饱和运算数值0x8000将变成0x7FFF。
3. 获取偏移值是正数还是负数。
4. 通过调用一次__PKHBT实现两个Q15格式数据的计算。
5. 剩余几个数值的计算。
6. 如果位移值为负数,那么就是右移。
7. 将位移值取反以后,通过调用一次__PKHBT实现两个Q15格式数据的计算。
9.3.3 arm_shift_q7
这个函数用于求8位定点数的位移,源代码分析如下:
/**
* @briefShifts the elements of a Q7 vector a specified number of bits.
* @param*pSrc points to the input vector
* @paramshiftBits number of bits to shift.
* A positive value shifts left; a negative value shifts right. (1)

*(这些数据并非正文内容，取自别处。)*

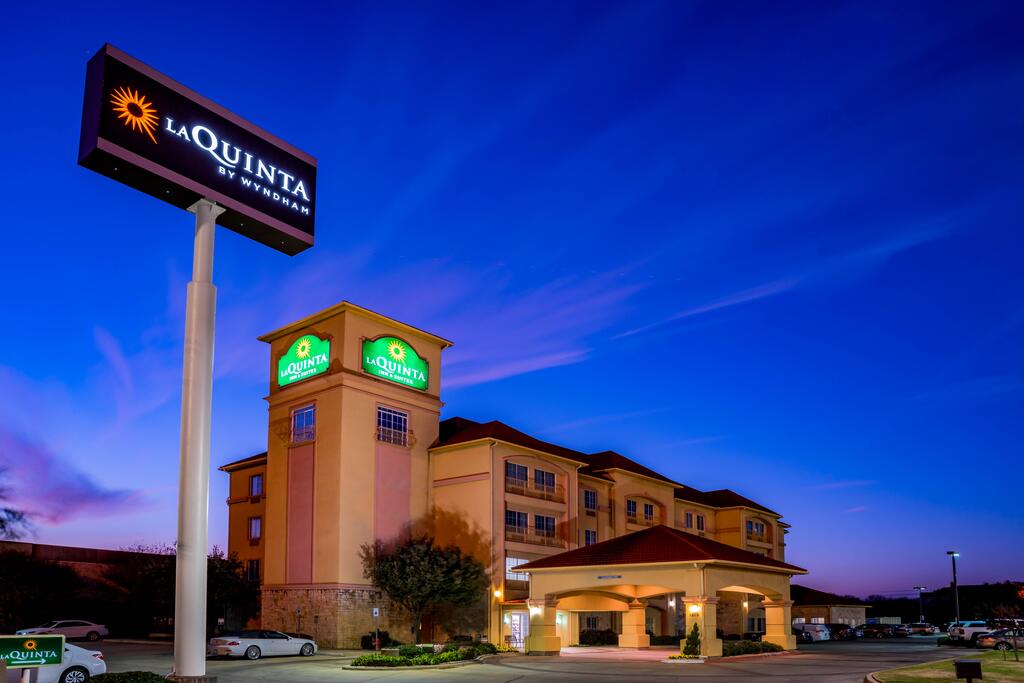 La Quinta By Wyndham DFW Airport West - Bedford - thumb 2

* @param*pDst points to the output vector
* @paramblockSize number of samples in the vector
* @return none.
*
* par Conditions for optimum performance
*Input and output buffers should be aligned by 32-bit
*
*
* <b>Scaling and Overflow Behavior:</b> (2)
* par
* The function uses saturating arithmetic.
* Results outside of the allowable Q7 range will be saturated.
*/
void arm_shift_q7(
q7_t * pSrc,
int8_t shiftBits,
q7_t * pDst,
uint32_t blockSize)
{
uint32_t blkCnt; /* loop counter */
uint8_t sign; /* Sign of shiftBits */
#ifndef ARM_MATH_CM0_FAMILY
/* Run the below code for Cortex-M4 and Cortex-M3 */
q7_t in1; /* Input value1 */
q7_t in2; /* Input value2 */
q7_t in3; /* Input value3 */
q7_t in4; /* Input value4 */
/*loop Unrolling */
blkCnt = blockSize >> 2u;
/* Getting the sign of shiftBits */
sign = (shiftBits & 0x80); (3)
/* If the shift value is positive then do right shift else left shift */
if(sign == 0u)
{
/* First part of the processing with loop unrolling.Compute 4 outputs at a time.
** a second loop below computes the remaining 1 to 3 samples. */
while(blkCnt > 0u)
{
/* C = A << shiftBits */
/* Read 4 inputs */
in1 = *pSrc;
in2 = *(pSrc + 1);
in3 = *(pSrc + 2);
in4 = *(pSrc + 3);
(4)
/* Store the Shifted result in the destination buffer in single cycle by packing the outputs */
*__SIMD32(pDst)++ = __PACKq7(__SSAT((in1 << shiftBits), 8),
__SSAT((in2 << shiftBits), 8),
__SSAT((in3 << shiftBits), 8),
__SSAT((in4 << shiftBits), 8));
/* Update source pointer to process next sampels */
pSrc += 4u;
/* Decrement the loop counter */
blkCnt--;
}
/* If the blockSize is not a multiple of 4, compute any remaining output samples here.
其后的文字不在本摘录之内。